When I tell you to think of the wildest life anyone’s ever had, what comes to mind? Mick Jagger partying gig after gig? Maybe a world traveler like Anthony Bourdain. Well, I don’t know about you, but when I think of a place where people liked to let loose and party I immediately think of Russia in the early 1900s.

Okay, maybe not, but it was home to Grigori Yefimovich Rasputin, nowadays mostly known by his last name, Rasputin. Rasputin grew up in a rural village, never learning to read or write. He was always seen as a bit of a strange one. People from his village would often speak of him as if he had some sort of supernatural power.

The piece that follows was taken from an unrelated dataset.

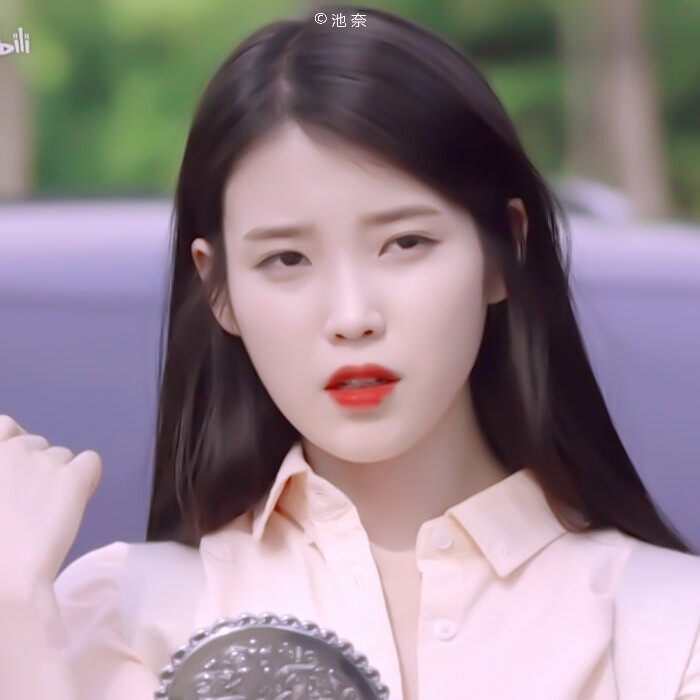 
·比起大家给我的爱 我却没什么能回报大家的 让我觉得很不好意思 我会更加努力的·
原截梦羽。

In any case, he underwent a religious conversion when he was 18 years old and moved into a monastery. I know, right now you are thinking: “Okay, so he was a weird illiterate kid who went on to learn about Christianity, that isn’t even interesting, let alone wild.” But let me finish, here’s where it gets crazy.

While he was at the monastery he developed his own version of Christianity. He said one could only be nearest to god when they felt “Holy Passionless.”. How does one experience this? It’s simple, you must live as debaucherously as possible. Really get out there, drinking, orgies, the works.

So, Rasputin formed a sex cult at the age of 18; Big deal, right? I mean, who doesn’t? Well, that wasn’t the end for our monk. He left home and wandered around as a homeless beggar. During this period, he gained a reputation as a holy man who could heal the sick and tell the future. Somehow, he found himself in St. Petersburg among high ranking clergy. Their fascination with the occult meant the strange magic homeless guy was a perfect dinner guest, I guess.

Anyway, then he went on to meet Czar Nicholas and his wife Alexandra. Their son had hemophilia and was bleeding badly. Rasputin somehow managed to stop this bleeding and as a result, gained the favor of the royal family. He told them their entire well-being was linked to him, and if anything, bad were to ever happen to old Rasputin their own demise would surely follow.

So, Rasputin stuck around as an advisor. Of course, he still had all his wild habits and soon news of the Czar’s kinky friend got out. Eventually, Nicholas had enough, and he decided Rasputin must be killed to stop any more scandals from reaching the press. Rasputin was then poisoned and shot twice. Except he survived. So they tied him up and threw him in an icy river. He died that time.

Just as predicted, 15 months after his death a rebellion ended up killing the entire royal family. And that concludes the saga of the mad monk who somehow went from a poor village to being a royal fortune teller.